Nikk, since you're living there, why don't write about, where will our country go in the near future? maybe a social politic tendency...
some women prefer to wear jilbab, some (a lot of them) prefer wear what they want, means: a kind of out fit that we wear since we were kids, an indonesian out fit, not showing everything. I wore short when I was a kid, I wear short sometimes when I am on vacation in tropical country, was it pornography?
It's really sad. I hope there who struggles againts this absurd law would win!
oom DoelJoni,
sorry nimbrung, walau kita gak kenal Oom, tapi saya percaya kalo berkesenian sejujurnya adalah menciptakan representasi dari realita, yang menggunakan cita rasa pribadi sebagai seniman dan bingkai artistik tentunya (saya bilang seperti ini karena saya juga kadangkala berprofesi sebagai seniman he he).
Seniman mencoba jujur dengan segala dalil akademis maupun non-akademis, karena mereka melihat sesuatu dibalik wujud karya. Bagaimanapun juga memang tidak ada istilah yang tepat untuk mengatakan seni rupa itu apa, selayaknya bidang keilmuan lain, senirupa itu memang otonom dengan standar akademis yang dibentuk untuk mewadahinya. Sama dengan bidang ilmu yang lain.
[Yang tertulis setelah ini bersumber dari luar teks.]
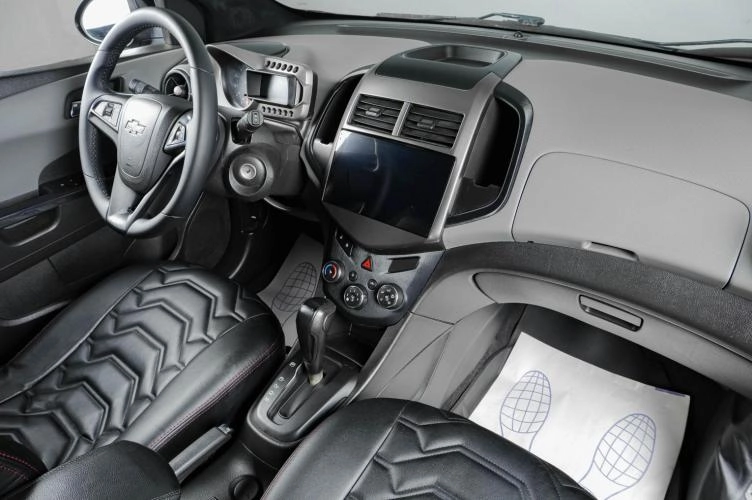 Chevrolet Aveo 10 из 18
Pihak yang menjadikan kesenian sebagai kendaraan menuju implikasi negatif dalam masyarakat adalah mereka yang tidak memahami inti dasar dari seni itu sendiri, sama halnya seperti penggunaan pasal karet oleh segelintir orang untuk memahami aspek politis, sosial dari sisi kacamata kuda belaka. Seni merupakan sebuah eksekusi akhir dari kristalisasi konsep dan pemikiran yang bukan tidak mungkin meniadakan mood (karena saat ini ilham/mood dalam berkesenian ternyata sudah tidak payu hehe), seni rupa sudah merupakan produksi konsep dan pemikiran yang cukup luas.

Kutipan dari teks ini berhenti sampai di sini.